Inspiration of the Week: monochrome magic in a Notting Hill townhouse
You heard us right: this week, our maximalist tendencies take a back seat as we celebrate a simply decorated home with a pared-back palette in west London
Good style isn’t as simple as black and white. Or is it? Take a look round Pembridge Villas – currently on the market – and you might change your tune. For this tall Victorian number, built in 1850, offers a masterclass in two-tone tastefulness.
The façade sets the mood. Situated back from the street, every house on Pembridge Villas is fronted in smooth stucco, bright and white. Texture comes courtesy of moulding: decorative corbels, for instance, or box cornicing for the sash windows, both of which have a faint Italianate flavour. Expanses of glazing work as a quiet counterpoint: dark against the white, glossy against the smooth.
Set between two Doric pilasters, the front door to this place – painted black – leads into a house painted cool white throughout. Yet for every lighter slice, there’s a deft dash of dark. Spot the white sofa dotted with cushions of charcoal velvet; see how the stairs, painted pale, are lined with a runner of the inkiest hue. Even white candles sit in black sticks, such is the owners’ commitment to the monochrome cause.
Tonal variation finds expression on a macro level – a large white wall is punctuated by a contrastingly hued old fireplace, for instance, or dark floors underfoot, as in the dining room. But it’s also seen on a micro scale, for every accessory has been devised to sit within the scheme. We particularly like the marching stripes of the sitting-room rug, lending welcome rhythm to the space.
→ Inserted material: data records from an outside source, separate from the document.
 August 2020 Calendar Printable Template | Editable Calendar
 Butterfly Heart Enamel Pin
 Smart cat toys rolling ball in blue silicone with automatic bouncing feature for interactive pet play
It may be quiet on the colour front, but this home’s paleness only allows for its personality to shine all the brighter. We particularly enjoy the attention that has been paid to materials here, from a dining-room table in the prettiest pale oak, to the scrunch of jute rugs underfoot. Rattan and bentwood details – from furniture to lighting – bring warmthness along with with their retro vibes, while in an upstairs bedroom, black details have been subbed for neutrals. The effect is softer, more natural and undeniably classy. And everywhere, plants of varying viridescence bring the spaces to life.
Monochrome decorating in its very essence is a balancing act. It’s clear the owners of this house have pulled this one off without a wobble.